## [SUPPLIED INFORMATION]
+++

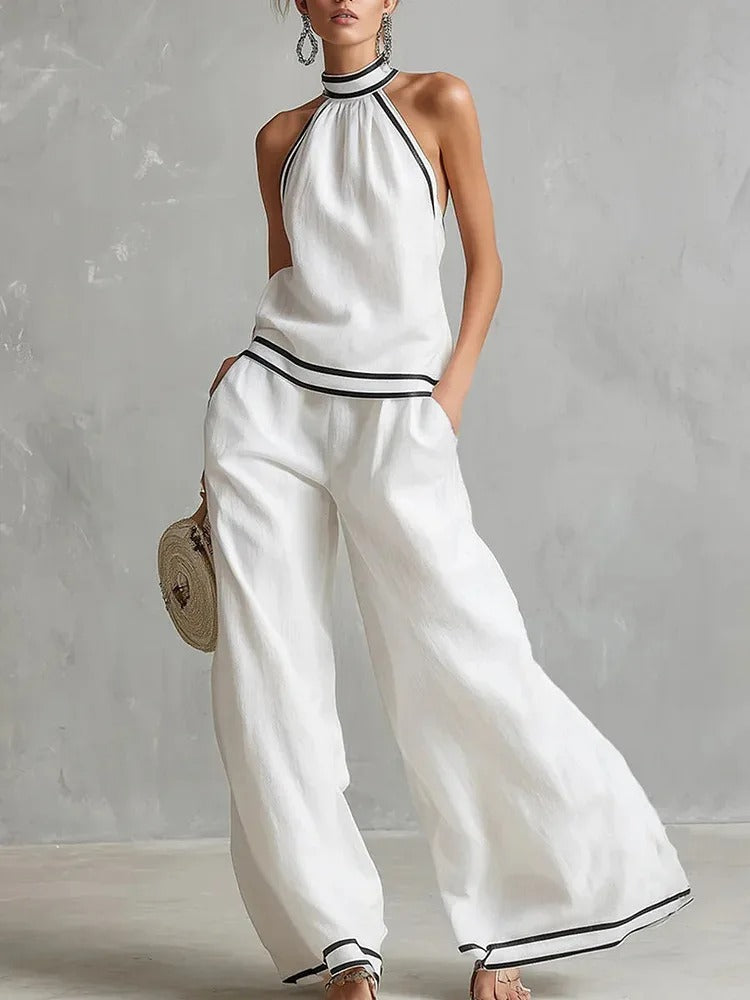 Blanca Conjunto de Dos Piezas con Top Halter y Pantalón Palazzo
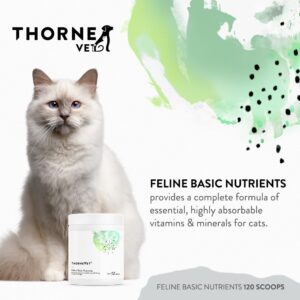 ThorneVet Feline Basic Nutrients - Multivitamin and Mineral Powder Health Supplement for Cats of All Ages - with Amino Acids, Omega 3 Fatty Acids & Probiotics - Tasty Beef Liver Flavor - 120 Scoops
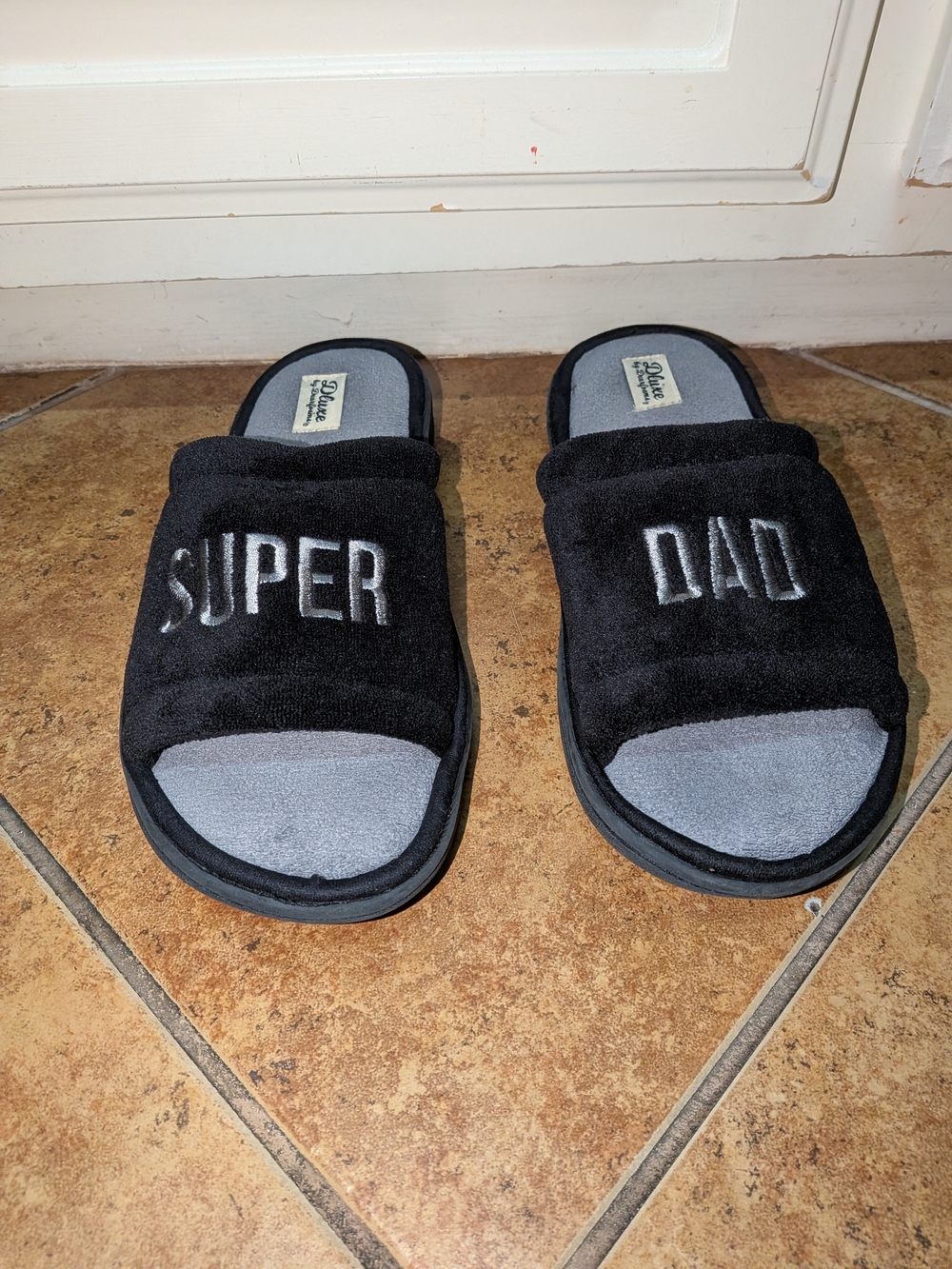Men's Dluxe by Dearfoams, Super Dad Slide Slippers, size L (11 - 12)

+++

## [TASK REQUIREMENTS]
Reproduce the listing above exactly, without a single picture.

## [RESULT BELOW]
 Blanca Conjunto de Dos Piezas con Top Halter y Pantalón Palazzo
 ThorneVet Feline Basic Nutrients - Multivitamin and Mineral Powder Health Supplement for Cats of All Ages - with Amino Acids, Omega 3 Fatty Acids & Probiotics - Tasty Beef Liver Flavor - 120 Scoops
Men's Dluxe by Dearfoams, Super Dad Slide Slippers, size L (11 - 12)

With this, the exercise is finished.